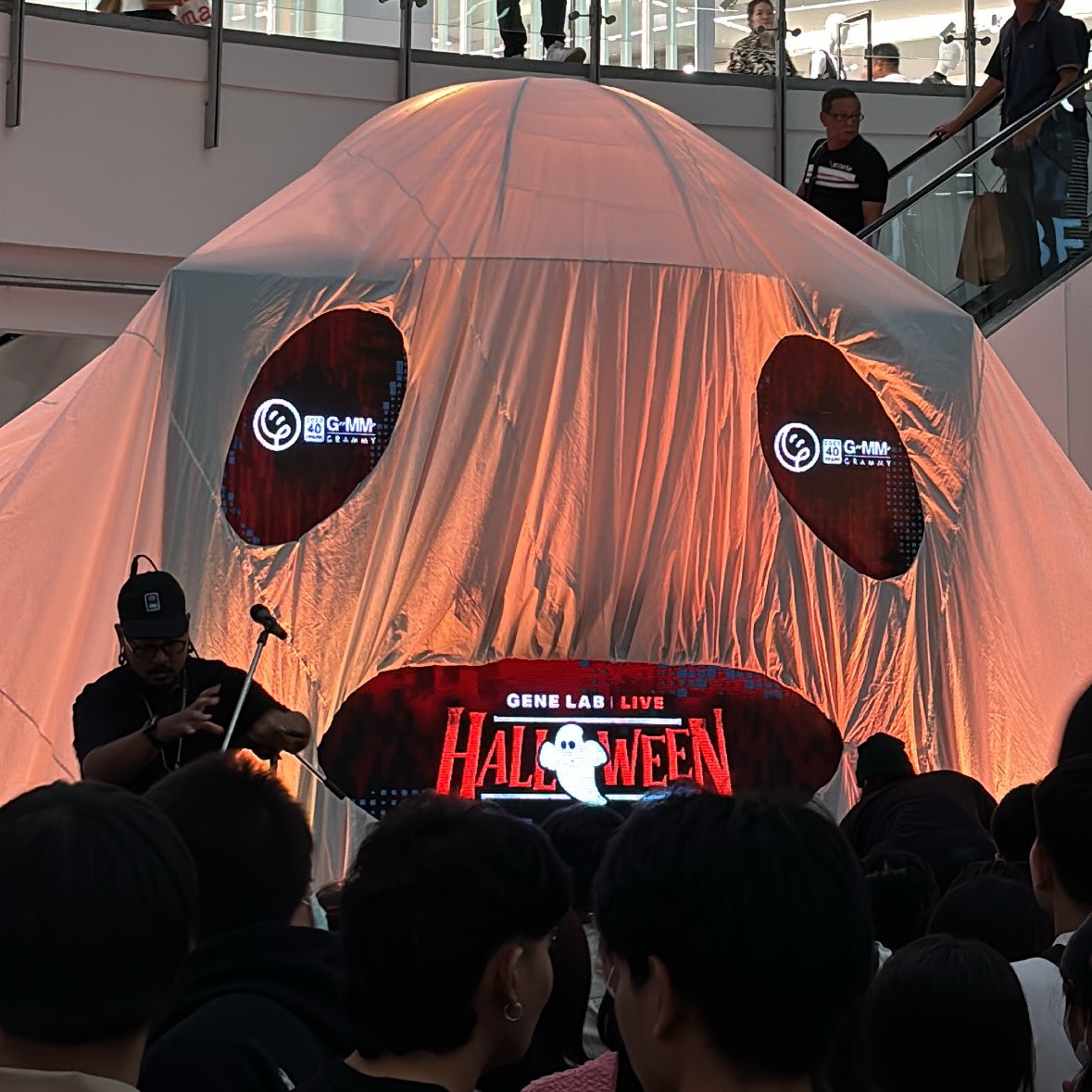 ployyikiki's tweet photo. ขอบคุณที่จัด music live นะคะ เวทีน่ารักมาก ศิลปินคุณภาพทุกวงเลย ได้ฟังเพลงของศิลปินวงโปรดแล้วฮีลใจได้มากๆเลย ส่งท้ายเดือนตุลาคมไปกับความทรงจำดีดี แฮปปี้ฮาโลวีน 🫶🏻👻✨🎃🩷🥰 #GeneLabLIVEHalloween https://t.co/izhw5W2xrW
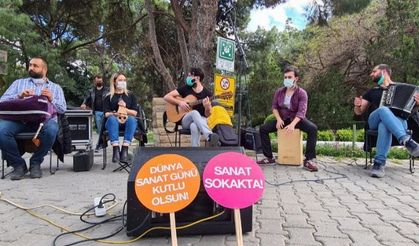 İzmir’de sokak sanatçılarına düzenleme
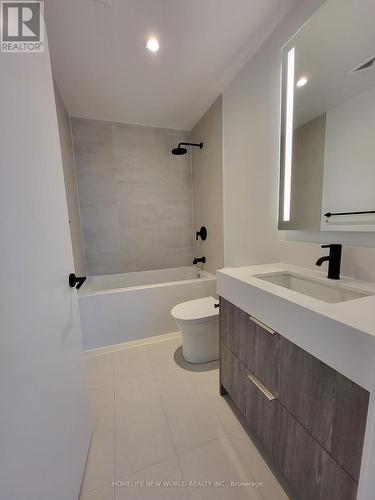 814 - 308 Jarvis Street, Toronto, ON - Indoor Photo Showing Bathroom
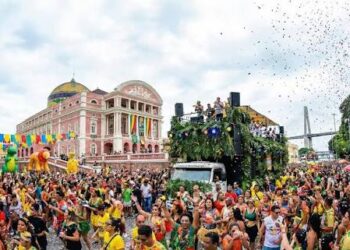 Escolas de Samba na Preparação para carnaval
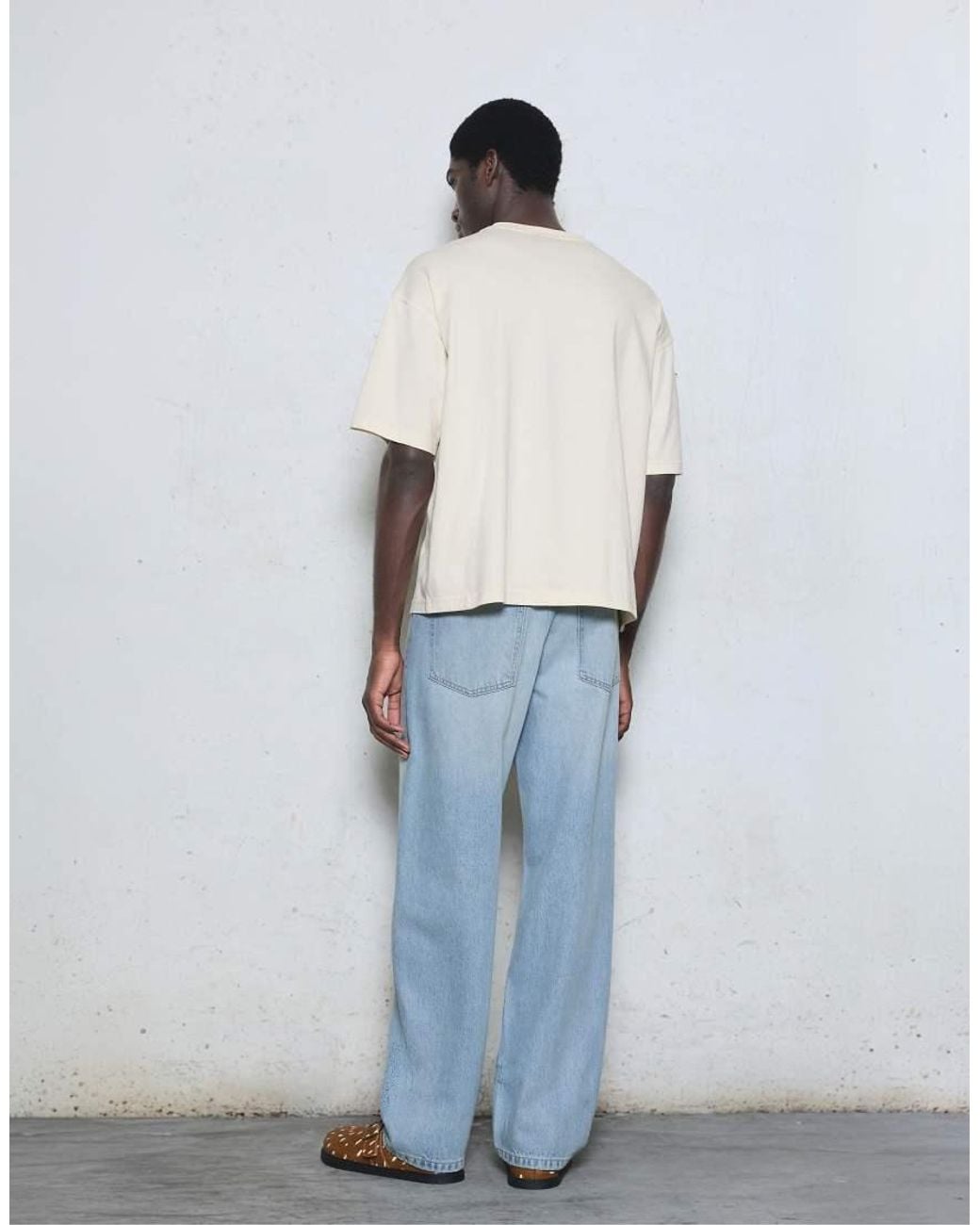 Pull&Bear White Relaxed Fit Graphic Pocket T-shirt for men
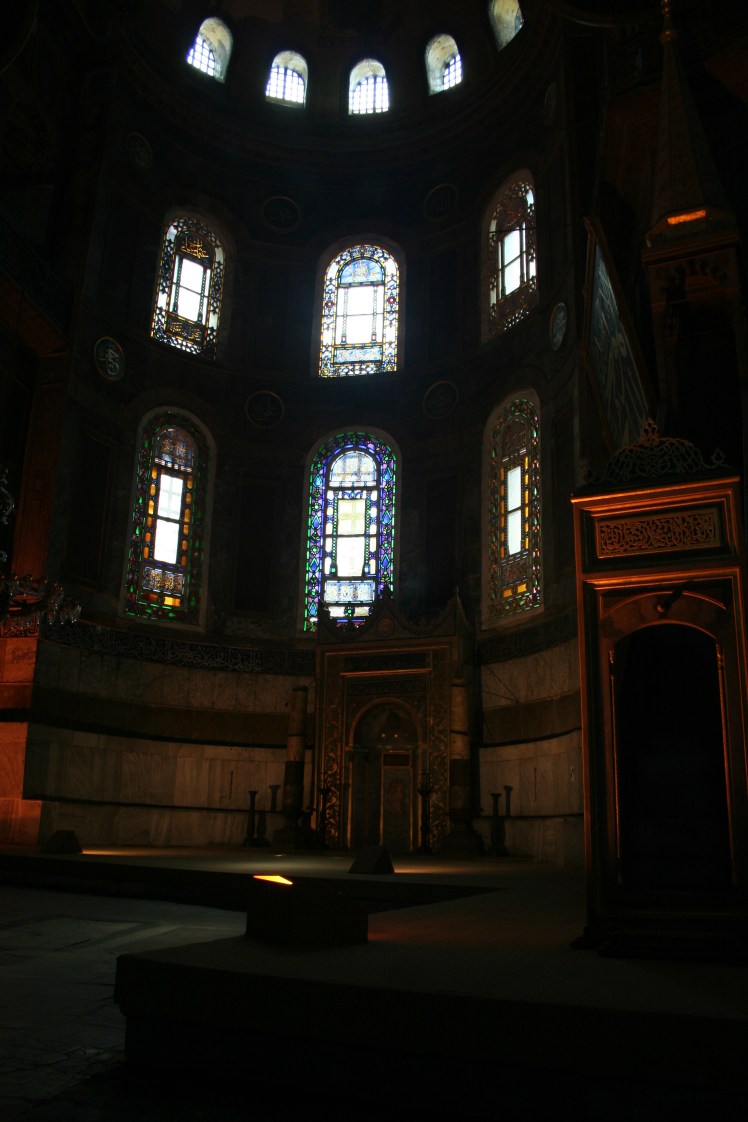 Till höger skymtas minbaren som är moskéns motsvarighet till predikstol och rakt fram mihrab som är en väggnisch som alltid vetter mot Mekka.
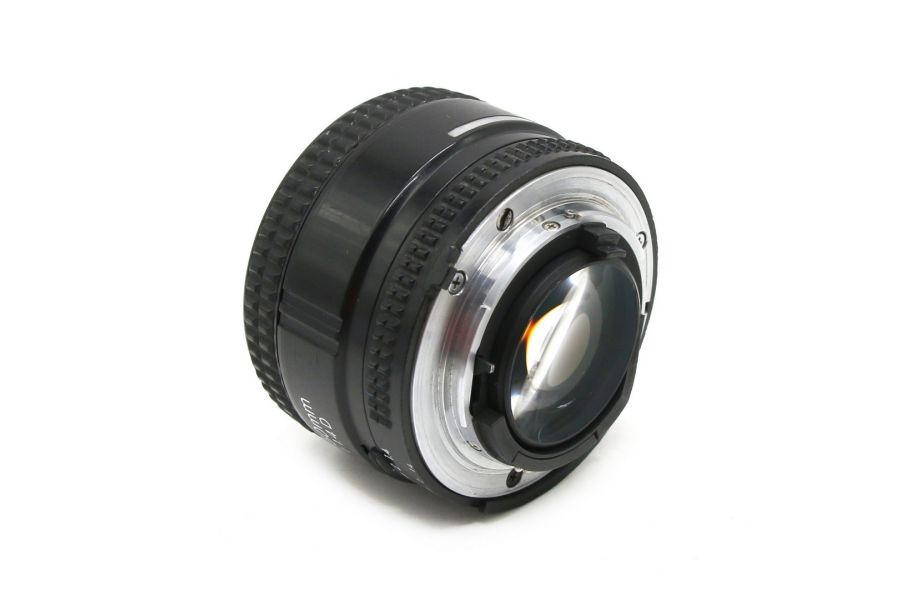 Светосильный объектив Nikon 50mm f/1.4D AF Nikkor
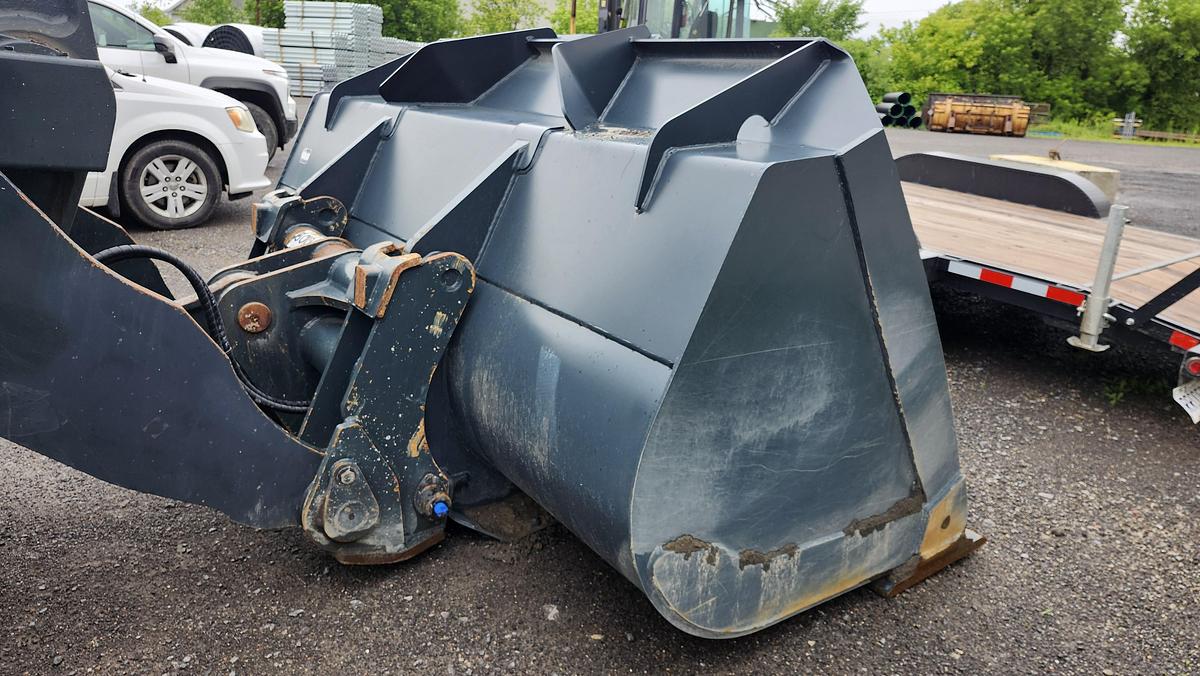 Used 2023 Hyundai HL960A HDXT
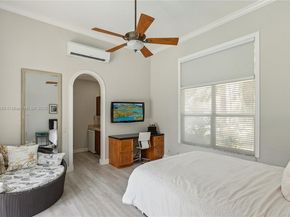 1371 Victoria Isle Dr, Weston FL 33327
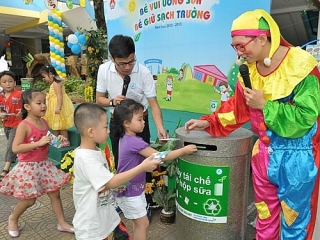 ha noi thu gom tai che khoang 25 trieu vo hop sua tai cac truong hoc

....................

Problem details: Only the lines from the one containing "814 - 308 Jarvis" through the end of the records should be copied, exactly and with both ends included; the pictures should not.

Written answer:
 814 - 308 Jarvis Street, Toronto, ON - Indoor Photo Showing Bathroom
 Escolas de Samba na Preparação para carnaval
 Pull&Bear White Relaxed Fit Graphic Pocket T-shirt for men
 Till höger skymtas minbaren som är moskéns motsvarighet till predikstol och rakt fram mihrab som är en väggnisch som alltid vetter mot Mekka.
 Светосильный объектив Nikon 50mm f/1.4D AF Nikkor
 Used 2023 Hyundai HL960A HDXT
 1371 Victoria Isle Dr, Weston FL 33327
 ha noi thu gom tai che khoang 25 trieu vo hop sua tai cac truong hoc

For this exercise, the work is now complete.